Quels sont vos futurs projets ?
J’ai envie de continuer de raconter l’histoire d’Anushan dans un long-métrage parce que je me suis rendu compte que le court-métrage a été très bien reçu et s’est révélé être nécessaire. Des associations culturelles tamoules le projettent et des débats naissent après les projections. Des psychologues m’ont même dit que ce film pourrait être utile pour les personnes qui ont vécues la guerre. J’ai envie de poursuivre une carrière cinématographique, bien sûr. Parler de ma communauté tamoule me tient à cœur, mais il y a aussi d’autres sujets tabou que j’aimerais aborder dans mes prochains films. J’ai envie d’en parler à travers le regard d’une personne tamoule née en France, qui porte en elle une double culture.
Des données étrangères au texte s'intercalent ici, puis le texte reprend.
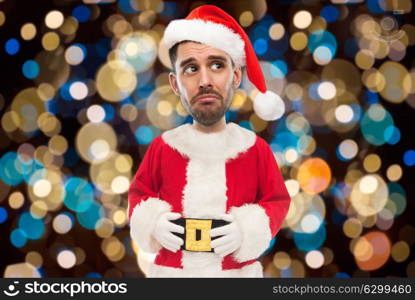 christmas, holidays and people concept - sad man in santa claus costume over lights background (funny cartoon style character with big head). sad man in santa costume over christmas lights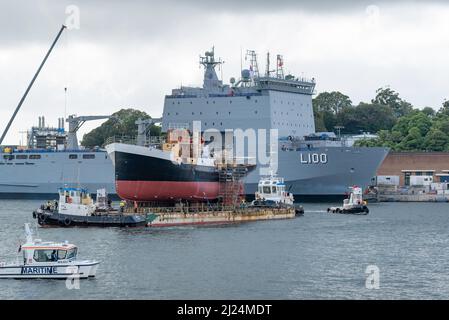 30 mars 2022, Garden Island, Sydney, Australie : le navire à vapeur côtier de 1927, John Oxley ayant subi 21 ans de restauration et de préservation, monté sur un ponton flottant aux ateliers de la Sydney Heritage Fleet, est photographié ici à côté du navire d'atterrissage naval, HMAS Choules, Il est manœuvré en vue d'entrer dans le quai sec de Garden Island pour se replier. Banque D'Images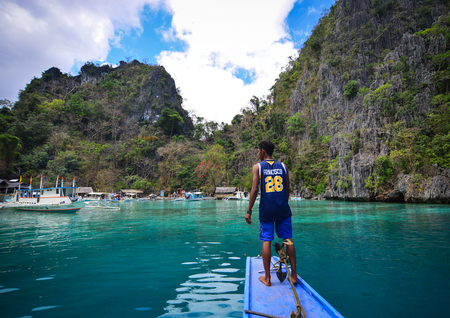 Coron, Philippines - Apr 9, 2017. A man standing on boat in Coron Island, Philippines. Coron is a beautiful island with trees, mangroves, white sand beach and a reef.のeditorial素材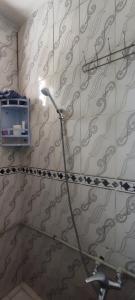 a bathroom with a shower and a light on the wall at Mehdi House in Chefchaouen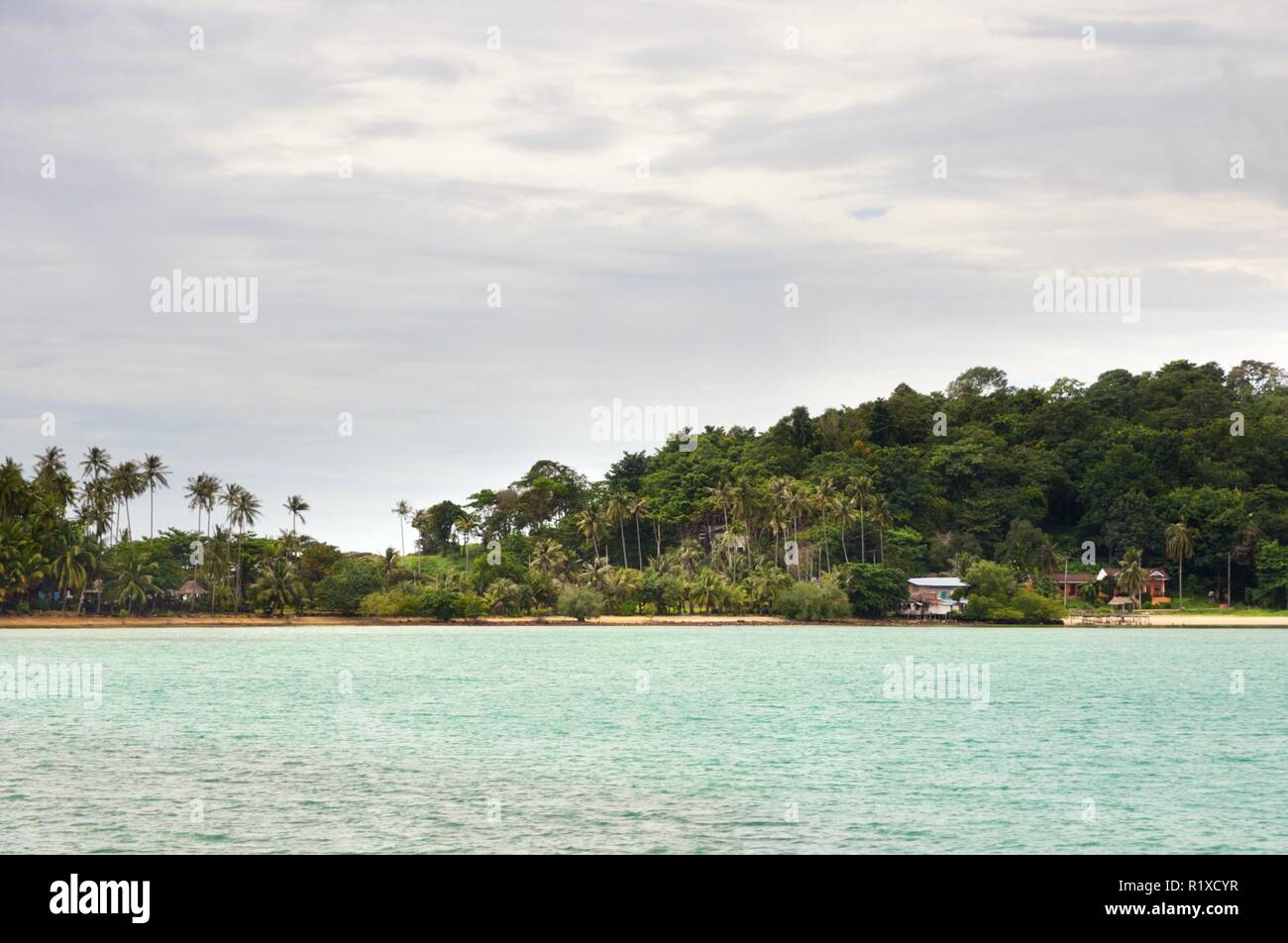 Paesaggio tropicale con ambra spiaggia di sabbia e rocce, palme di cocco e il turchese mare tropicale di Koh Chang Island in Thailandia Foto Stock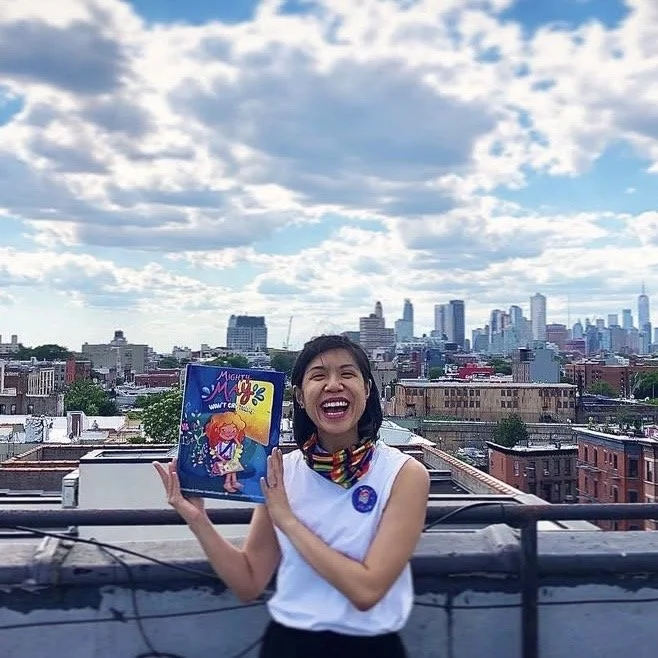  PandaErica celebrating the release of her picture book debut, Mighty May Won’t Cry Today, while social distancing atop her former Brooklyn apartment circa 2020  
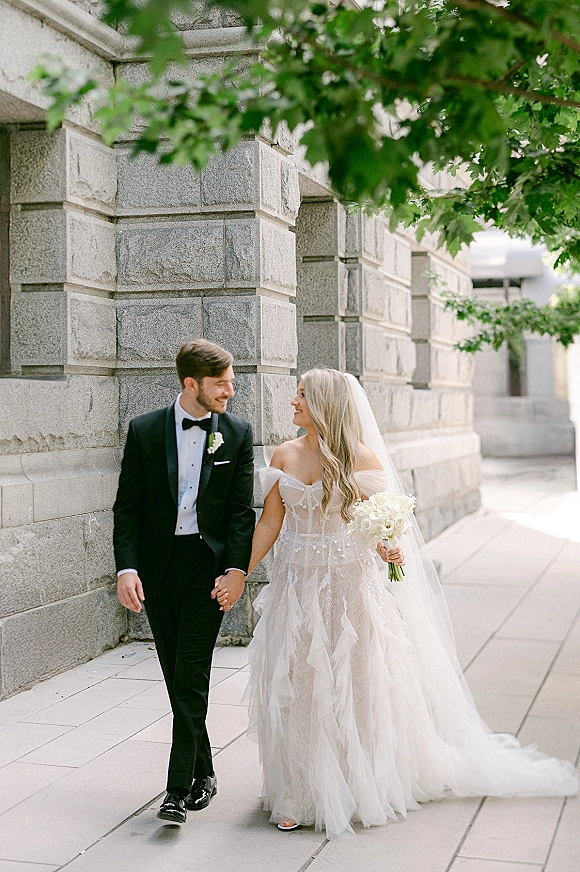 Wedding couple portrait of bride and groom walking hand in hand, bride looking at groom, veil and bouquet by a stone wall sidewalk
Je me rends compte que le cinéma peut faire bouger les choses. J’aimerais qu’on parle du patriarcat qui nuit et qui est présent dans ma communauté. Parce que si on ne fait rien pour que ça bouge, les enfants vont reproduire ce patriarcat de générations en générations et il faut briser cette chaîne. Si le cinéma peut toucher une personne qui va se questionner, alors c’est le début d’un processus de changement.
Actualités d’ « Anushan »
* 26 avril 204 : projection en présence du réalisateur au studio des ursulines à Paris 5, dans le cadre d’une carte blanche sur le thème du lien familial pendant le Festival Format Court.
* Sélectionné au Prix Européen des médias pour l’intégration, CIVIS Media Prize 2024.